Simone and M. Sartre

They met in college in Paris in 1929 and remained together until Jean-Paul’s death, in 1980, their relationship a unique kind of amorous companionship founded in mutual intellectual curiosity, not based on nor requiring exclusivity in sexual partners, a kind of romantic stoicism, an attitude that said, “Our life together is what it is, perfect and whole, not affected by what we may do when we’re apart.” More significant than sexual independence, though, was de Beauvoir’s liberation from convention generally.

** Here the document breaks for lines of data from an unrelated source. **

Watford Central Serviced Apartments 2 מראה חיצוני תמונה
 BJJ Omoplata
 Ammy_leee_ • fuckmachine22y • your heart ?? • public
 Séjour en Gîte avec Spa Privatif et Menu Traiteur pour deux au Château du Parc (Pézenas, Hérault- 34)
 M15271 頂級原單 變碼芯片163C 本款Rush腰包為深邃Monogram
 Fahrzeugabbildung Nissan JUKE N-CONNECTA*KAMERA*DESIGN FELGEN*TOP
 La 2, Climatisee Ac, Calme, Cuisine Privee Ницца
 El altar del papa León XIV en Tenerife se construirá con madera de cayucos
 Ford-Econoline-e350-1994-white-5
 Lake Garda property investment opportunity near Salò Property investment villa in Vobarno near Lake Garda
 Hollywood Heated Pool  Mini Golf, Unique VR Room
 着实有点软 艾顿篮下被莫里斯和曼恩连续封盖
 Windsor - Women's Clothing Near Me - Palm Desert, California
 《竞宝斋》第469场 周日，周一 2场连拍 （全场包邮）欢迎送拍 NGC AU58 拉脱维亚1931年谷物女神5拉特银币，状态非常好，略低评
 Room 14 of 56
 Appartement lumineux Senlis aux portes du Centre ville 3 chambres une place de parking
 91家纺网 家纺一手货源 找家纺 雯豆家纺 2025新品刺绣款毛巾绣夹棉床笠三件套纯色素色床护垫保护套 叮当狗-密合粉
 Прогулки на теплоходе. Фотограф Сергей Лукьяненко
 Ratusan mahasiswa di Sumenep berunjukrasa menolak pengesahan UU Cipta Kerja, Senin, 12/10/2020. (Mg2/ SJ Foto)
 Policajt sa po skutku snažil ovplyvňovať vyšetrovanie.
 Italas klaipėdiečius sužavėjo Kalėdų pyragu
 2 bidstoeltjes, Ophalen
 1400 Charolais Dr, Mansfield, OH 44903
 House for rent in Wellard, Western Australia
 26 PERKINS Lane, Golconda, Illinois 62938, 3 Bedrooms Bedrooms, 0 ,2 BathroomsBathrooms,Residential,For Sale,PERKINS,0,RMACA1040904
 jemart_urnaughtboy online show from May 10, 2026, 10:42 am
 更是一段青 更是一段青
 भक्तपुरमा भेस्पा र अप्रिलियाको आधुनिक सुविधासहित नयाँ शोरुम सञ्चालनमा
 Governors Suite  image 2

Jean-Paul and Albert Camus and other, lesser lights in the post-religious, European philosophical era, commonly known as Existentialists, made history expressing their belief in the observation that human life was inherently meaningless, that the cradle-to-grave experience was in fact, full of sound and fury, signifying nothing. Not a new idea by any means, but easy to sell amid the meaninglessness of life that humanity experienced in the age of plague, world-wars, global genocide and economic depression.

Simone apparently agreed with this sad outlook. However it was she who articulated the solution. In “The Ethics of Ambiguity,” and elsewhere, she wrote about the opportunity – in fact the obligation – each of us has to recognize that the meaning of life, the path to fulfillment in our minds and our souls, was our responsibility to find and to follow. Happiness a decision to be made. She proposed that the requirements for eudaimonia, Aristotle’s term for fulfillment or true success, was for each of us to realize. This was the statement of the new existentialist featuring a new, nurturing feminine spirit that said, “Mes amis, c’est vrais. Your happiness is up to you.” The prescription for meaning in life is first to find out who you really are meant to be, then to be that person.

M. Sartre saw the problem. Simone had the solution.